3044959 · April 18, 2025

Loading...

AI-Generated Content: All content on this page was generated by AI to highlight key points from the meeting. For complete details and context, we recommend watching the full video. so we can fix them.

Summary

Scott Bruce and Marissa Bryce, candidates for Keller ISD Place 1, sparred at a forum over keeping politics out of classrooms, how to close a district budget shortfall and steps to retain teachers. Both said they would prioritize student outcomes but differed on vouchers and district priorities.

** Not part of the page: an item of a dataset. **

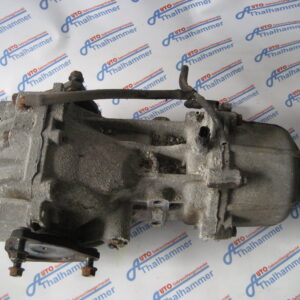 Differential SX4 4x4 SI-79JI – Bild 3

At a Keller Republican Club forum, Scott Bruce and Marissa Bryce competed for Keller ISD Place 1 and focused their answers on classroom neutrality, the district budget and teacher retention.

Scott Bruce said the board should prioritize student outcomes and “support anything that's data driven and also focused on positive student outcomes.” He said adults’ agendas should be kept out of classrooms: “Everything else is an adult agenda item.” Bruce highlighted fiscal experience from his private-sector career and said he favors policies grounded in data rather than politics.

Marissa Bryce emphasized parental rights and trust-building. “I'm for strong parental rights and for balanced budgets,” she said, and framed her candidacy as offering calm and truth amid what she called division. Bryce said she is “open to the idea of vouchers” in principle but with current implementation proposals she opposed vouchers as written.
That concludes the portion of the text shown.